À plus long terme, cela passera par l’Éducation nationale. Il faut donner les moyens à tous les enfants, peu importe leur milieu social d’origine, de s’en sortir. 

Dans ce sens, j’ai déposé dernièrement une résolution visant à créer un revenu étudiant. C’est un moyen pour ces jeunes issus de communes populaires de pouvoir poursuivre des études. Pour un département aussi jeune que la Seine–Saint-Denis, cela permettrait, allié à la diversité des hommes et des femmes qui le composent, de faire éclore une richesse intellectuelle dans nos universités pour former nos futurs chercheurs et enseignants.

Mais cela passera également par la lutte contre la précarité dans le travail, l’égalité homme/femme et la fin des temps partiels imposés.

C’est toute une politique qu’il faut rebâtir à l’issue de cette pandémie.

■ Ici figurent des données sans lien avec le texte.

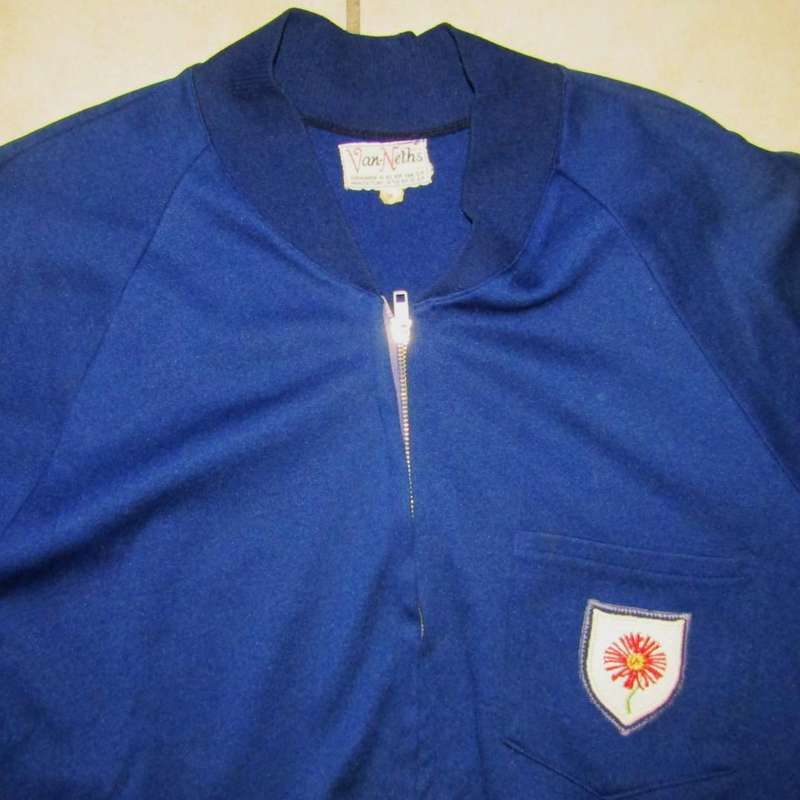 Old Noord Transvaal Rugby Tracksuit Jacket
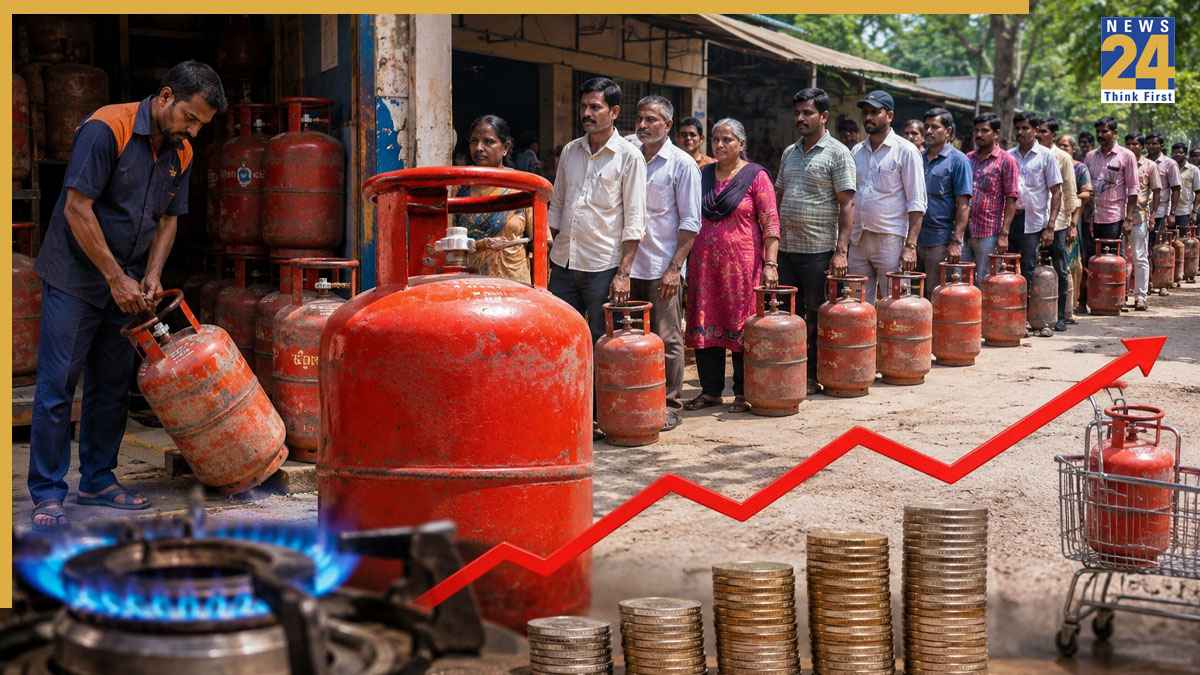 LPG Price today 12 june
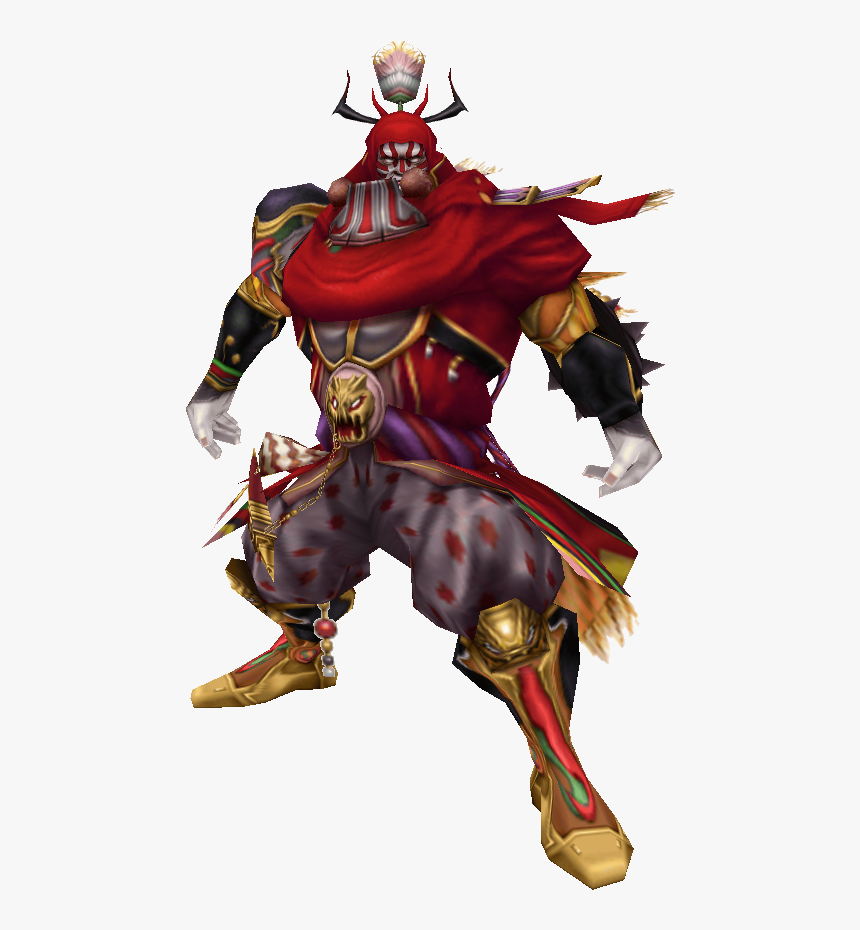 Kingdom Hearts Fanon Wiki - Ff Dissidia 012 Gilgamesh, HD Png Download, Free Download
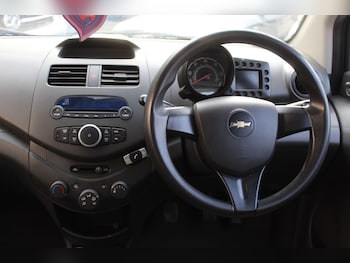 Used Chevrolet Spark 2012 for sale - 75492433: Photo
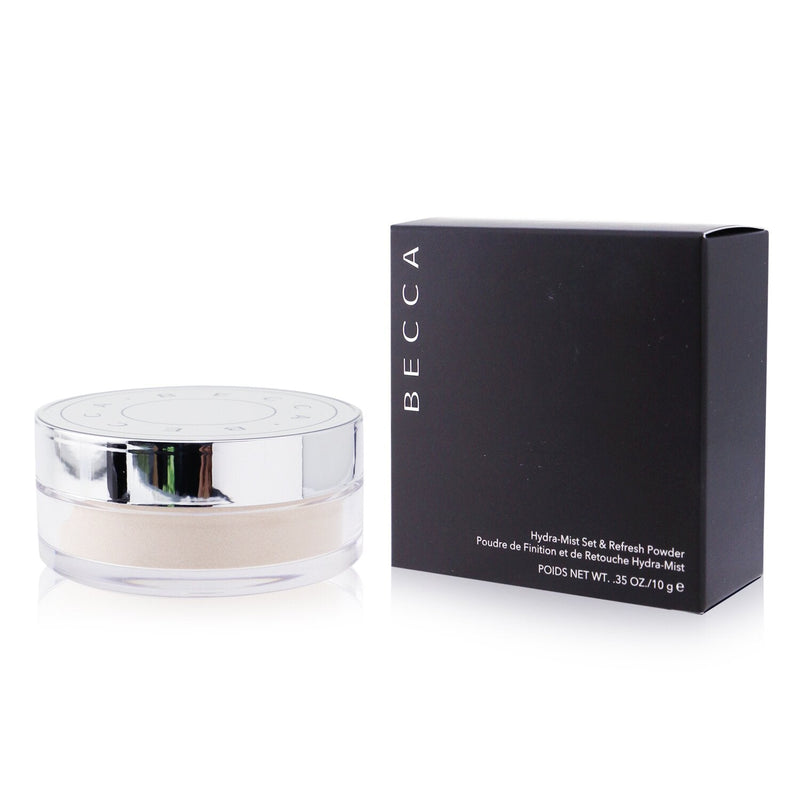 Becca Hydra Mist Set & Refresh Powder  10g/0.35oz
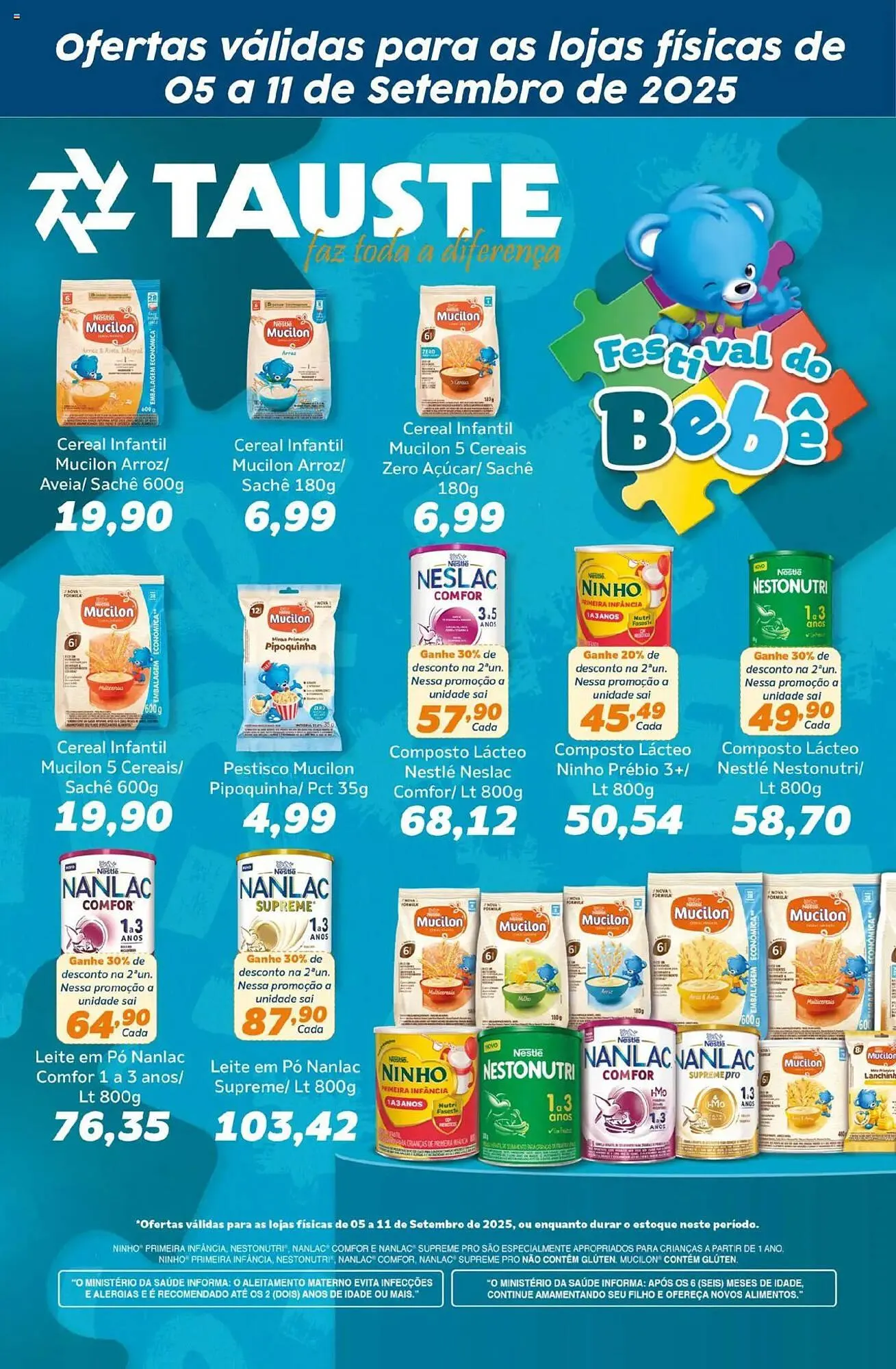 Catálogo Supermercados Tauste - 1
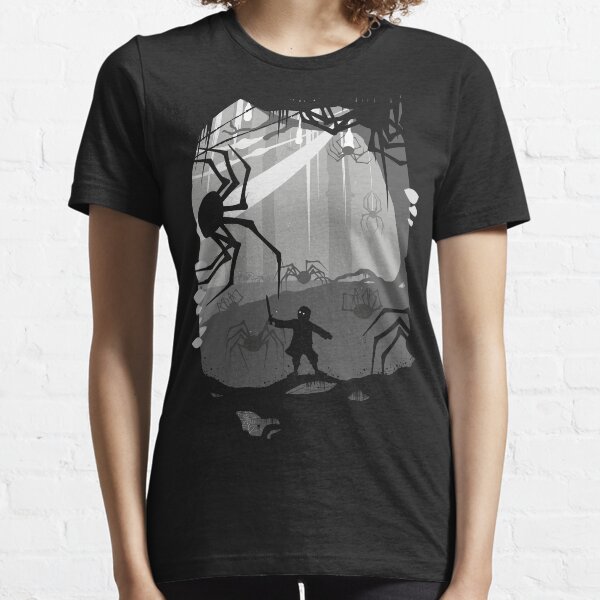 The Little Limbbit and the Spiders Essential T-Shirt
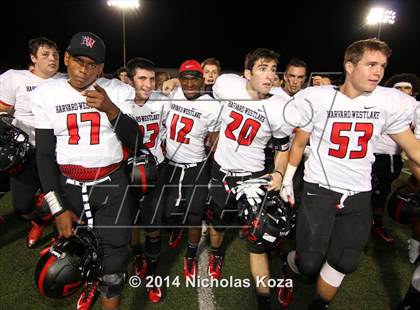 Thumbnail 3 in Harvard-Westlake vs. Granada Hills photogallery.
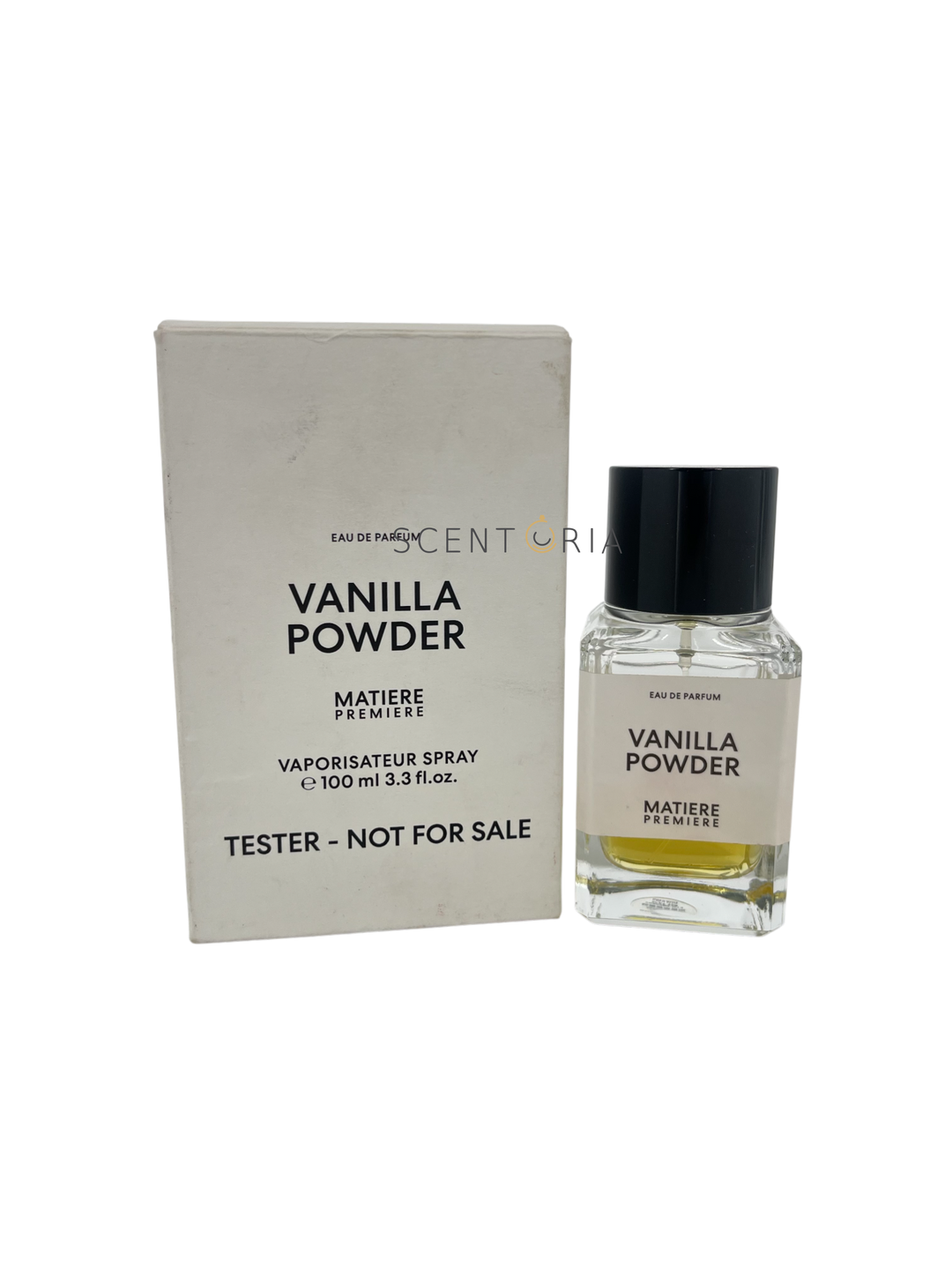 Vanilla Powder EDP Partial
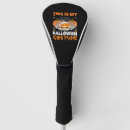 Search for halloween golf head covers Horror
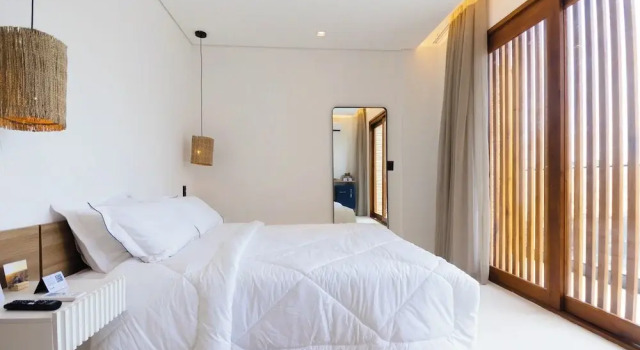 Двухместный люкс Luxury Mikiki Lifestyle Hotel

Au sortir de la Deuxième Guerre, le gouvernement issu de la résistance a été capable de mettre en œuvre toute une politique complètement nouvelle en créant notamment la sécurité sociale. En sortant de la pandémie mondiale que nous connaissons aujourd’hui c’est à cela qu’il nous faudra nous atteler. Une politique qui mettra à mal tout le discours libéral et de mondialisation capitaliste. Il nous faut créer une conception nouvelle de la république.